Dan hendaklah yang iqamah itu orang yang adzan, seperti disebutkan dalam Hadits Nabi Shallallaahu ‘Alaihi Wasallam,
عَنْ زِيَادِ بْنِ الْحَارِثِ الصُّدَائِيِّ رَضِيَ اللهُ عَنْهُ قَالَ: أَمَرَنِيْ رَسُوْلُ اللهِ صَلَّى اللهُ عَلَيْهِ وَسَلَّمَ أَنْ أُؤَذِّنَ فِيْ صَلَاةِ الْفَجْرِ، فَأَذَّنْتُ. فَأَرَادَ بِلَالٌ أَنْ يُقِيْمَ. فَقَالَ رَسُوْلُ اللهِ صَلَّى اللهُ عَلَيْهِ وَسَلَّمَ: إِنَّ أَخَا صُدَاءٍ قَدْ أَذَّنَ. وَمَنْ أَذَّنَ فَهُوَ يُقِيْمُ. (رواه الترمذي، في باب ماجاء أن من أذن فهو يقيم)
“Dari Ziyad bin Al-Harits Ash-Shudaiy RadhiyAllaahu ‘Anhu, beliau berkata; Rasulullah Shallallaahu ‘Alaihi Wasallam menyuruhku adzan pada suatu subuh, maka aku pun adzan. Kemudian ketika sampai waktunya untuk iqamah, Bilal berdiri untuk iqamah. Maka Bersabda Rasulullah Shallallaahu ‘Alaihi Wasallam; saudara kita Shudaiy telah adzan. Siapa yang adzan, maka dia lebih berhak untuk iqamah.”
(Syeikh Ahmad Fahmi Zamzam Al-Banjari An-Nadwi Al-Maliki, Adab Sembahyang Berjamaah)

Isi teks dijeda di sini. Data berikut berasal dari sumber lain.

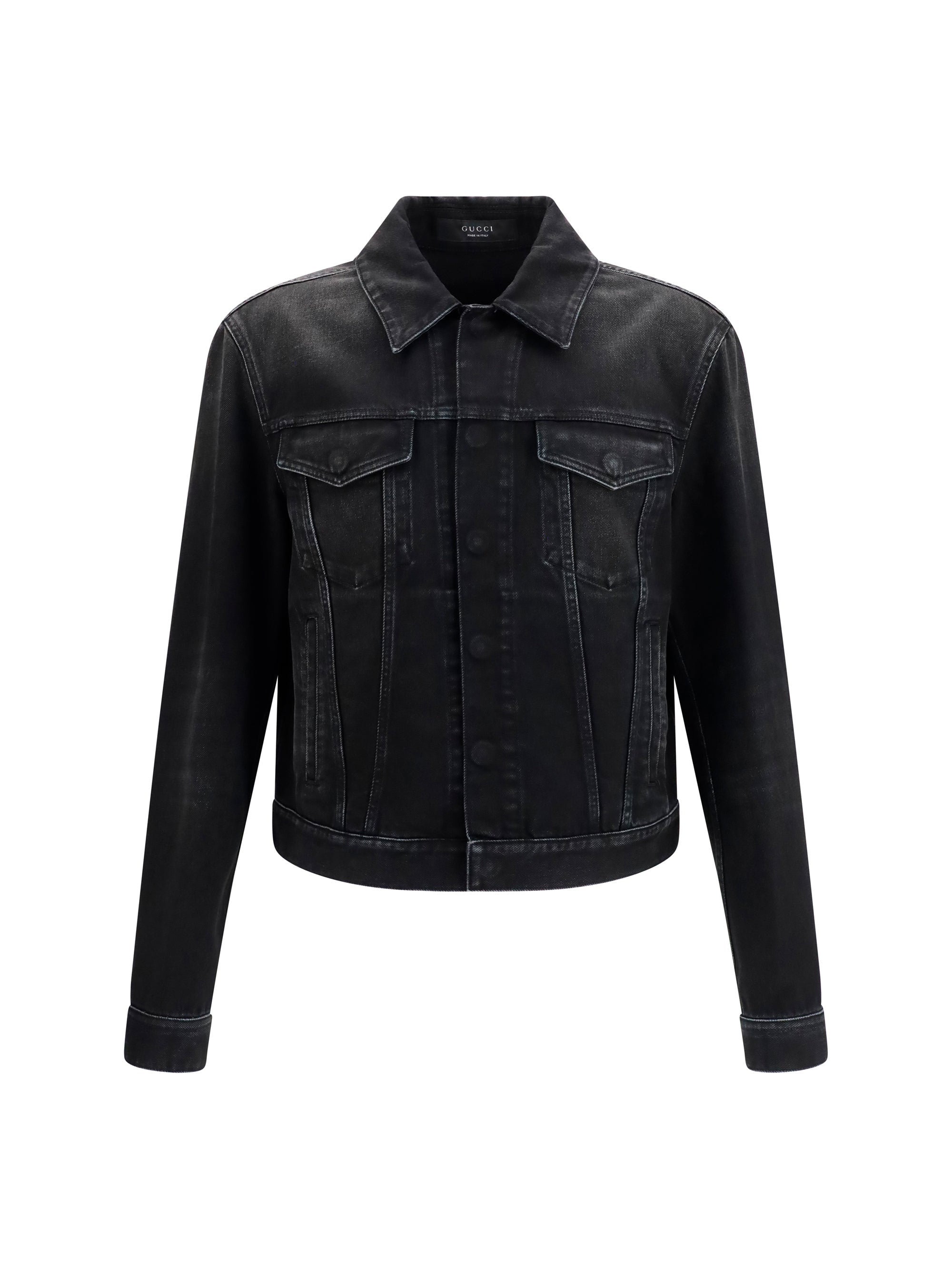 Gucci GG Jacquard Denim Jacket — Black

[1] Tiga golongan orang yang diperlakukan khusus di Yaumil Hisab. Ketiga golongan manusia ini adalah orang-orang yang dalam beramalnya, hanya mengharapkan Ridha Allah Azza Wa Jalla. Mereka ditempatkan di tempat istimewa dan tidak disibukkan dengan perkara hisab, sampai seluruh manusia yang pada hari itu diliputi duka cita dan perasaan yang amat takut selesai menjalani proses hisabnya.
[2] Segala sesuatu yang mendengar suara Muadzin, baik dari golongan jin dan manusia, serta sesuatu apapun di alam ini, akan menjadi saksi bagi keimanan muadzin tersebut di hari qiyamat.

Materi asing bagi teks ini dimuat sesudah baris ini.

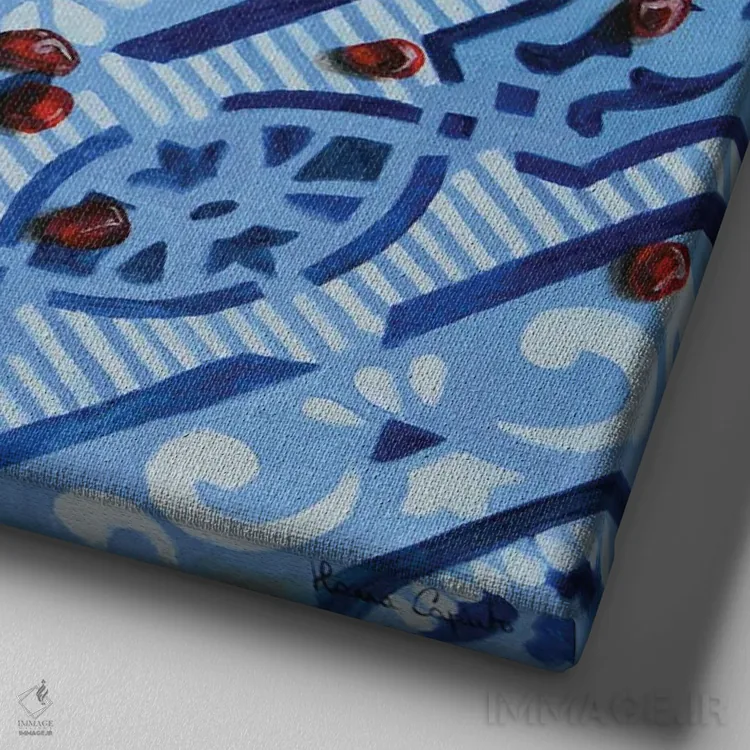 تابلو انار روی کاشیها اثر ایلاریا کاپوتو - نمای نزدیک بافت بوم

[3] Banyak dijumpai, muadzin dan jamaah tidak mengindahkan hal ini karena ingin cepat-cepat melaksanakan sembahyang, sementara Imam Rawatib belum hadir di masjid. Akibatnya makmum saling menunjuk orang lain untuk maju menjadi Imam.